Bub cocked his head to the side and appeared to think it over.
“Yessssssss.” Bub walked over to the sheep door and squatted, waiting. Sun took a breath and forced herself to move. She unlatched the door and Bub thrust the leg through it, stump first. Sun held it with both hands. It was heavy, and she felt the muscle fibers in the thigh contract and expand, exactly as if the sheep were alive.
“Ressurrrrrrrrrrection,” Bub said.
After he said it, the sheep's leg contracted and the hoof missed her head by inches. On reflex she dropped it, and it flopped around on the floor like a landed fish.
Bub laughed.
Sun fought the surrealism of the scene and bent over, this time grabbing the leg by the hoof. She walked it over to Dr. Belgium, who was watching the whole episode slack-jawed.
“Can you take some blood samples? Tissue and marrow too?”
Belgium seemed reluctant to touch the leg, but consented and held it by the hoof as Sun had. The leg jerked wildly, and Belgium dropped it. He and Sun bent down for it, and Belgium got a firmer, two handed grip.
“I'll be in Red 5,” Belgium said, indicating the lab. He walked off, holding the leg at arm's length of his body.
“Do you want moooore? I could maaake the organs moooove.”
Andy's hand clamped over his face and he went from green to white.
“Thank you, Bub,” Sun said. “There's no need for any more right now.”
Bub nodded, then went back to eating. “You okay?” Sun asked, rubbing Andy's back.
“I'm becoming a vegetarian,” he replied.
Bub's munching sounds in the background made Andy gag again.
“Do we have any children's videos on table manners?” Sun asked.
Andy gave her a weak grin.
Behind the Plexiglas barrier, Bub grinned as well.
CHAPTER FOURTEEN
“I need more Internet tiiiiiiiiiime,” Bub told Dr. Belgium when he returned from Red 5. Sun and Andy had left.
“I don't think that's a good idea,” Belgium answered. His Adam's apple wobbled up and down in his throat.
“I muuuuuust learn moooore.”
Belgium laughed, high pitched and near hysterical. “You're joking! You went through the entire website of the Encyclopedia Britannica in an hour and a half. You can process information faster than it loads.”
“Open the dooooor,” Bub said. “Let meeeee oooooout.”
“I don't think...”
“I’ll tell Raaaaace,” Bub interrupted.
“What? Are you blackmailing me?”
“Fraaaaaank,” Bub said softly, the trace of a purr in his voice. “I need more tiiiiiime to seeeeequence my geeeeenome.”
Belgium said nothing.
“Don’t you want to leeeeave heeeere, Fraaaaank?”
Belgium pictured himself, in a boat on a lake, a rod in his hand, the sun in his eyes. He hadn't fished since he was in grade school, but right now it seemed like the most appealing thing in the world.
He hit the code to Bub's door.
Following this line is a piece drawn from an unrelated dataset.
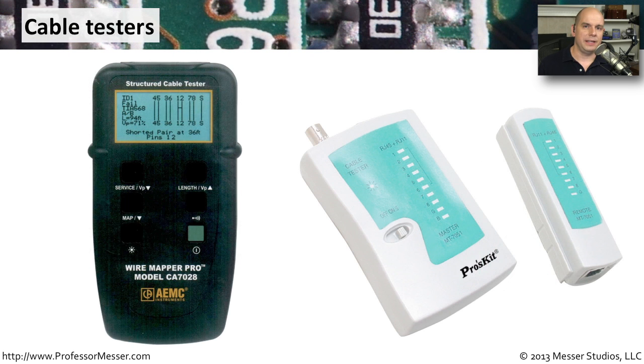One way to check your crimping and see if it worked properly is to use a cable tester. Cable testers can be very basic or a little more advanced, and they're designed to check your wire mappings to make sure that pin one is connecting to pin one on the other side. You connect the two devices, one on each side of the cable, and it will tell you exactly where those signals are going — confirming the signal makes it all the way through and that you didn't mess up any of those wires when inserting them into the modular connector.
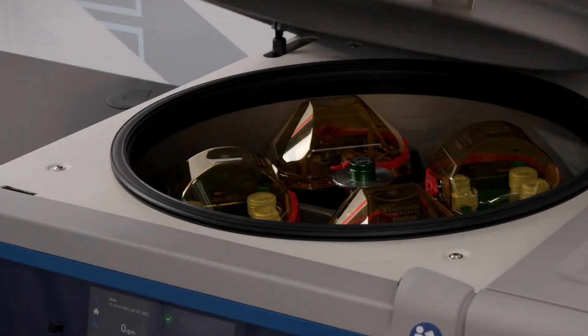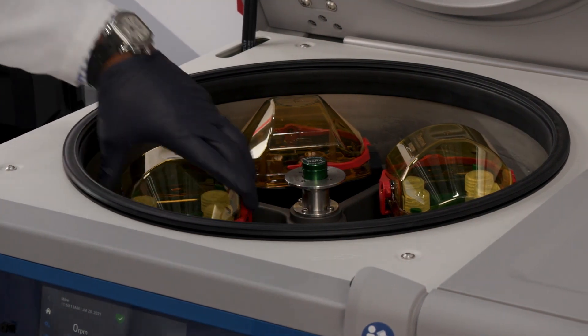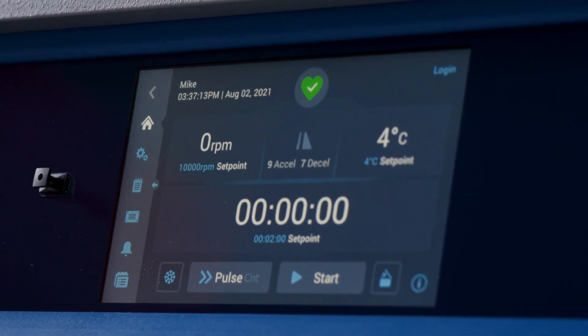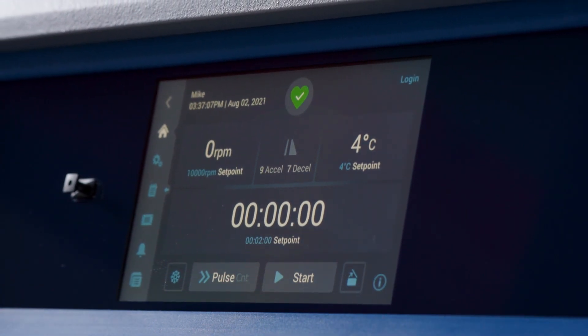The Thermo Scientific X-Pro centrifuge touchscreen interface delivers a higher level of security and reproducibility to your research, run after run, in an easy-to-use format. These are just a few of the features the X-Pro offers. More videos highlighting the safety and versatility features are coming soon.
It rose pneumatically and the demon folded his wings and left his habitat for the second time that day. He squatted next to Dr. Belgium and gave him a pat on the head, which Frank recoiled from.
“Gooooood, Fraaaaaank.”
Frank ducked down, away from the hand. The claws grazed his scalp. It was like a hairbrush made of needles.
“You maaaay goooooo,” Bub said, lumbering over to the Cray computer.
Belgium squatted and stayed put, watching as Bub hunched over his workstation. The keyboard was like a pocket calculator to Bub, the monitor must have been like looking at a digital watch. Belgium laughed. It reminded him of an old cartoon, where an elephant moved into a mouse's house, dwarfing everything to comic proportions.
Using the tip of his pinky claw, Bub accessed the ISP and began to surf the World Wide Web. Samhain's Internet connection was fiber-optic. The load times were instantaneous. Bub's hand became a blur, as did the monitor. It seemed impossible that Bub could be absorbing all of that information that fast, but Belgium knew that he was.